Bob Tisdale (15:55:42) “There was a correlation between solar activity and the AO during Solar Cycles 22 and 23, but before 1983 and after 2003, they do not correlate.
http://i49.tinypic.com/30lkjm8.png “
It’s a good deal more complicated than that – the relations don’t go away – they’re just not so easy to detect. I’m still working on cross-wavelet approaches to detection. I’m finding nonrandom (but complex) phase relations – it will take time & patience to sort the signals out.
“”” John from MN (15:38:38) :
Does anyone know how well the satellite handle snow cover? I ask because the NH probably has the highest percentage of snow cover in history and out pops satellite data that shows the warmest January ever recorded by the satellite. Matches with the most snow cover ever?…..John…. “””
I think they rely on the fact that none of that NH snow is actually at 14,000 ft altitude, which is where UAH is taking their readings.
So i think the answer is that your snow doesn’t have any effect on their readings.
Well I was thinking your NH was actually New Hampshire; but I’ll bet none of your Minnesota snow is at 14,000 ft.
John Finn (16:11:08) :
Something is not right with that UAH thing. Folks everywhere are shaking thier heads at these warmest ever months, and darned few can lay claim to being in the middle of some egg-frying record heat.
Don’t make no sense.
A big dump is on it’s way to the Mid-Atlantic on US East Coast, a mild El-Nino has rain coming down around my ears, but where oh where is that blast furnace heat?
What does it mean, when satellite temperature data does not correspond with record low temperatures measured in situ on the land, on the ice pack, and in the sea ? can it be that there is some error in the data.

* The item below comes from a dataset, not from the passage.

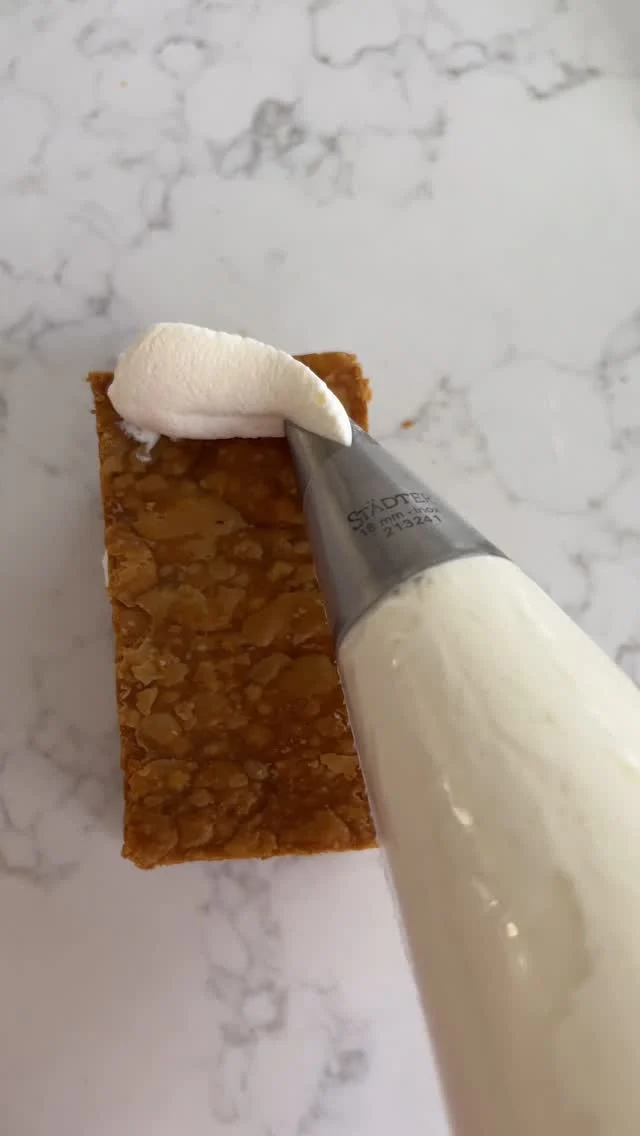 Sooooo satisfying! Mascarpone vanille slagroom met bladerdeeg en vers fruit en een nieuwe aflevering van De Bakcast over Mille Feuille! Wat wil je nu nog meer op deze zonnige zondag? #millefeuille #millefeuilles #tompouce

Remember the “missing” million sq km of ice last year …….
CO2 based global warming posits that the poles will preferentially heat up. Is there a spike at the poles or is the spike clustered nearer the equator? If closer to the equator, is it related to the El Nino?
Details would help people process this information.
Best regards,
Mike Ramsey
carrot eater (16:09:14) : Says
Jerry (15:44:18) :
“You say there is no debate that there has been long-term warming? I think if you look around here, you’ll find some people who would debate that.”
There was a little ice age in the 1600’s, we have warmed up back to normal (what ever that is) ever since. Only Mann and his followers deny that.
Do you believe global temps haven’t gone up a bit since 1750?
I think reality is the best way to evaluate climate change. A natural occurrence.
I hope we warm a bit more, the increased crop yields will save many lives and prevent the loss of life and suffering caused by extreme cold.
Warming is good, cooling is dangerous.
This will be a two-edged sword for AGW proponents. They may jump up and down at it being the warmest on record, but when it is broadcast to the public in the northern hemisphere it is really really not going to go down well! Expect a lot more people to think the AGW crowd do not know what they are talking about, even though, unusually, it will actually be true!
I would be interested in separate graphs for the northern and southern hemispheres.